* _Work order_
Apart from the images, every record here needs to be copied exactly.

Segment Open

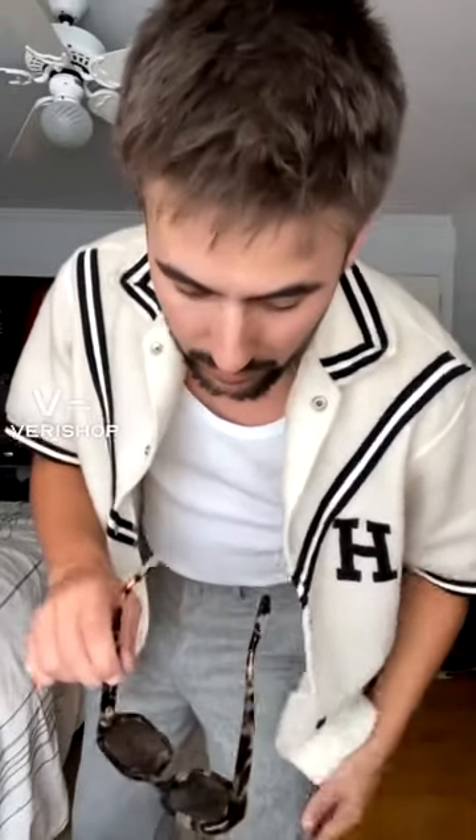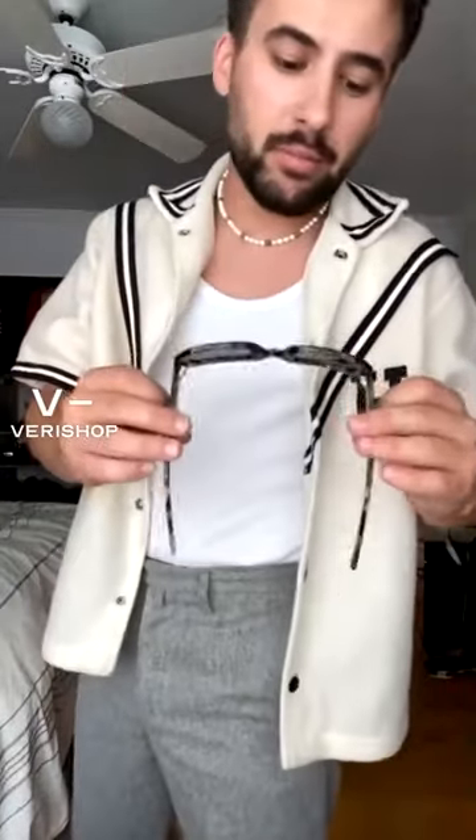I would say this is a more modernized version. These aren't mirrored — they're brown lenses. If you get close enough you can see through them; there's a glare in the back but they're definitely not mirrored.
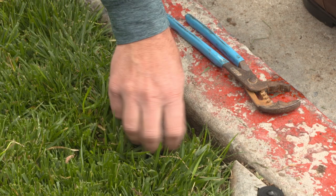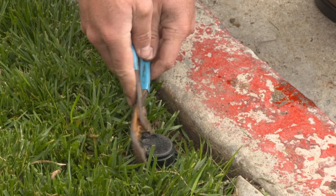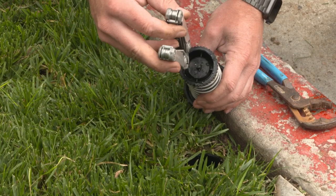Unscrew the body cap counter-clockwise. Sometimes pliers may be necessary to free the body cap from the rotor's body. Using a pair of needle-nose pliers, pull out the filter screen.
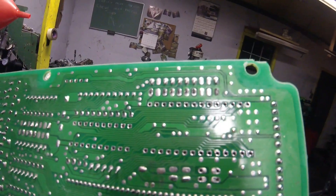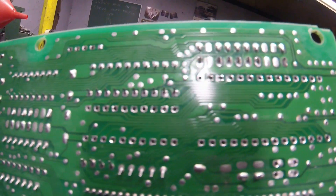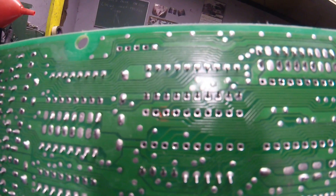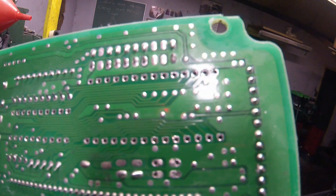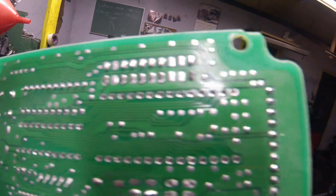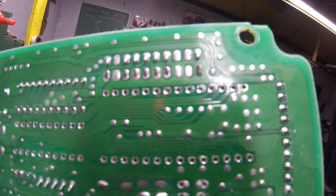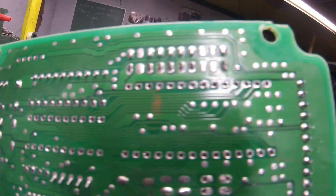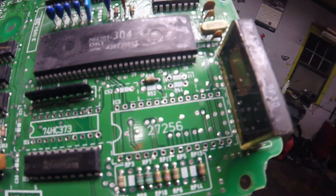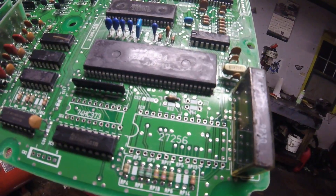All the spots are desoldered and cleaned up pretty good. I use a non-abrasive toothbrush and spray it down with carb cleaner or brake cleaner to remove any residual solder from the board. Any residual solder left on the board could create a cross joint, which could cause the ECU to not operate correctly or not work at all.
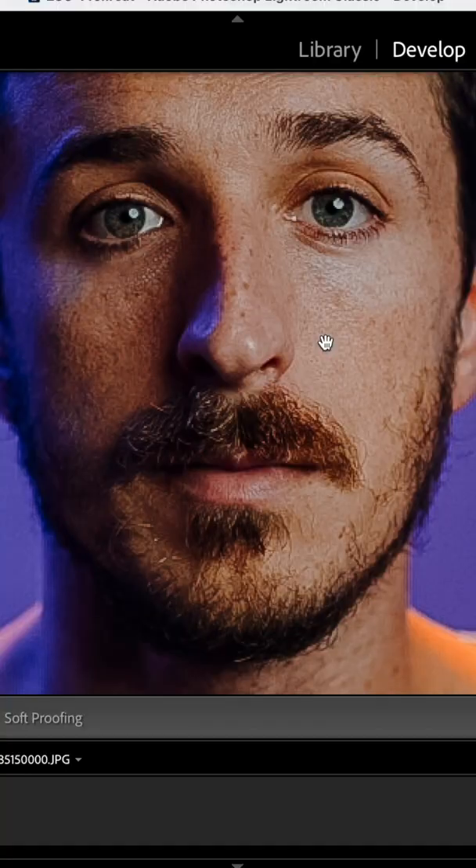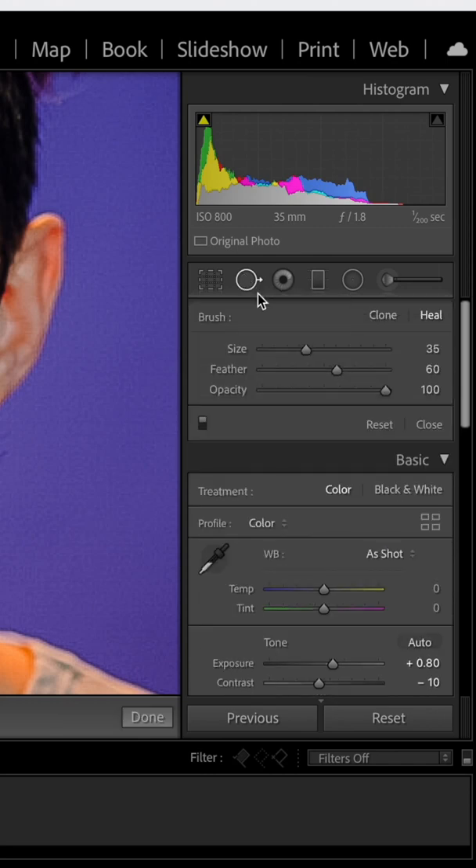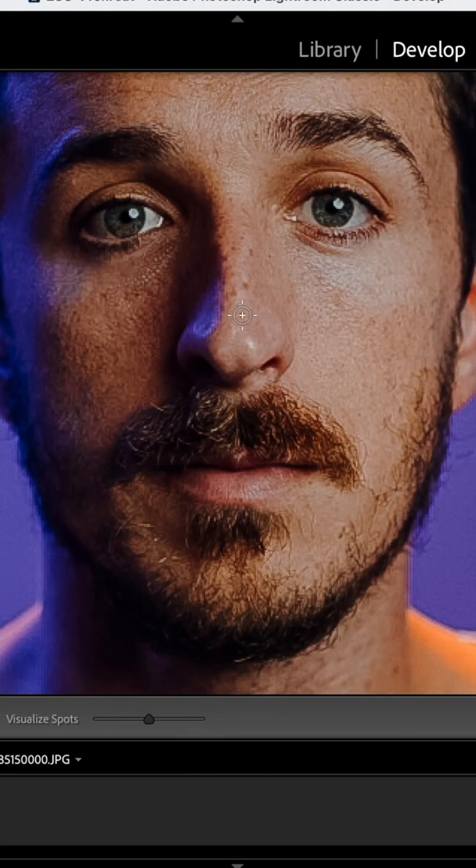You definitely need to be using the spot removal tool. I'm going to use the spot removal tool to remove the freckles on my nose. Go up here to this top tool — the circle with the arrow — and choose Heal.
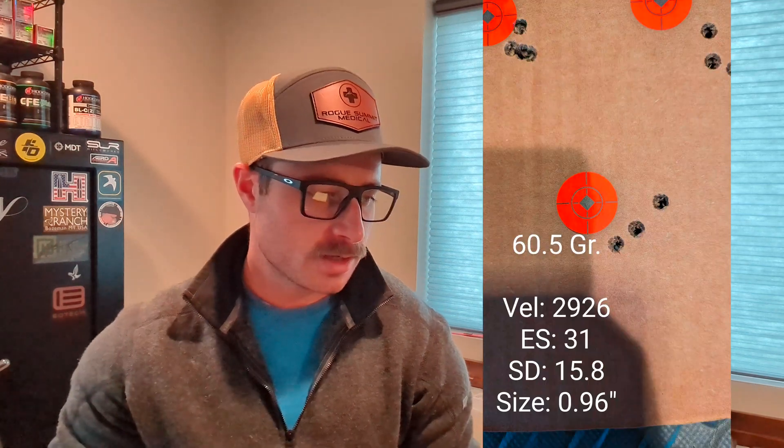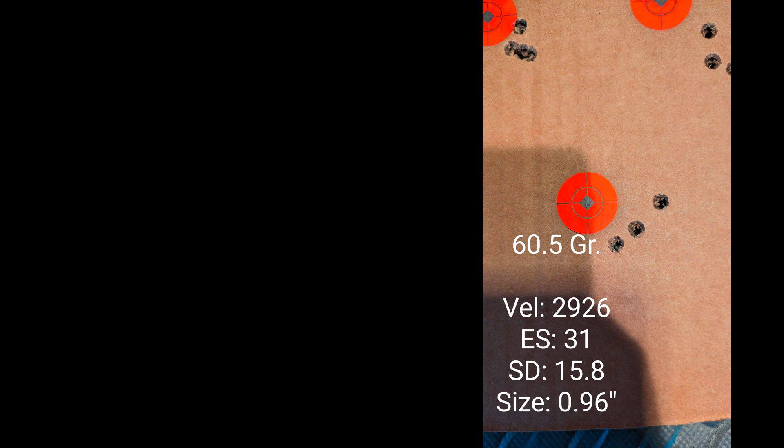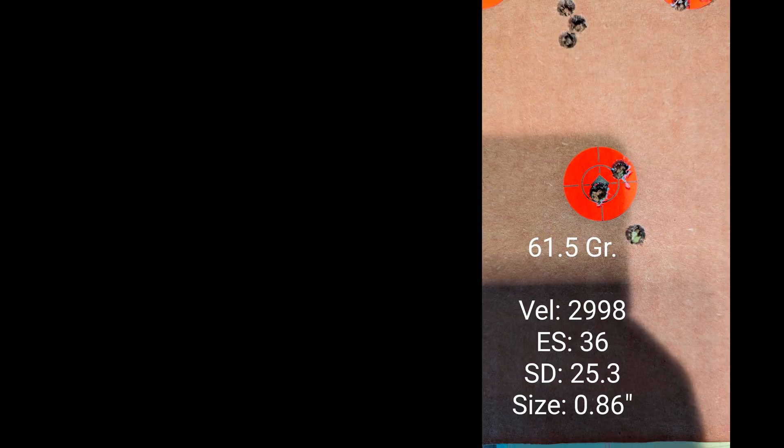We're back from the shooting range with this morning's results. At the 60.5-grain mark, average velocity was 2926 fps, extreme spread of 31 fps, and a group of 0.96 inches. At 61 grains, velocity was 2952 fps, extreme spread of 58 fps, and a group of 0.53 inches. At 61.5 grains, average velocity was 2928 fps with an extreme spread of 36 fps and a group of 0.86 inches.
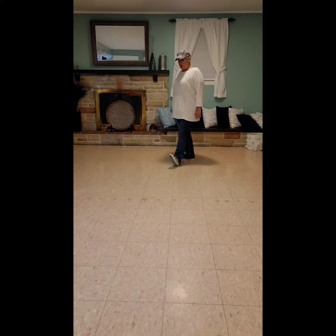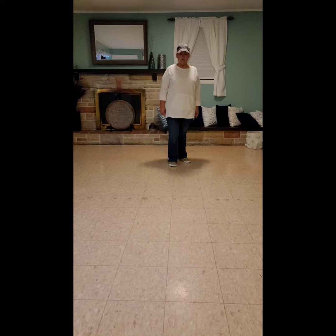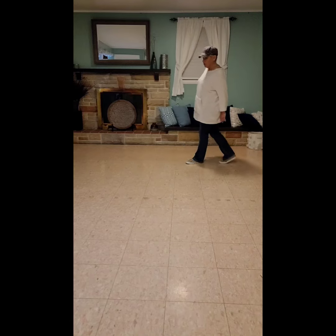From here, you'll do fall, cross, unwind a quarter to your left, body roll, heel grind back to your right, and do a right coaster step.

Segment Closed

* _Response_
I would say this is a more modernized version. These aren't mirrored — they're brown lenses. If you get close enough you can see through them; there's a glare in the back but they're definitely not mirrored.
Unscrew the body cap counter-clockwise. Sometimes pliers may be necessary to free the body cap from the rotor's body. Using a pair of needle-nose pliers, pull out the filter screen.
All the spots are desoldered and cleaned up pretty good. I use a non-abrasive toothbrush and spray it down with carb cleaner or brake cleaner to remove any residual solder from the board. Any residual solder left on the board could create a cross joint, which could cause the ECU to not operate correctly or not work at all.
You definitely need to be using the spot removal tool. I'm going to use the spot removal tool to remove the freckles on my nose. Go up here to this top tool — the circle with the arrow — and choose Heal.
We're back from the shooting range with this morning's results. At the 60.5-grain mark, average velocity was 2926 fps, extreme spread of 31 fps, and a group of 0.96 inches. At 61 grains, velocity was 2952 fps, extreme spread of 58 fps, and a group of 0.53 inches. At 61.5 grains, average velocity was 2928 fps with an extreme spread of 36 fps and a group of 0.86 inches.
From here, you'll do fall, cross, unwind a quarter to your left, body roll, heel grind back to your right, and do a right coaster step.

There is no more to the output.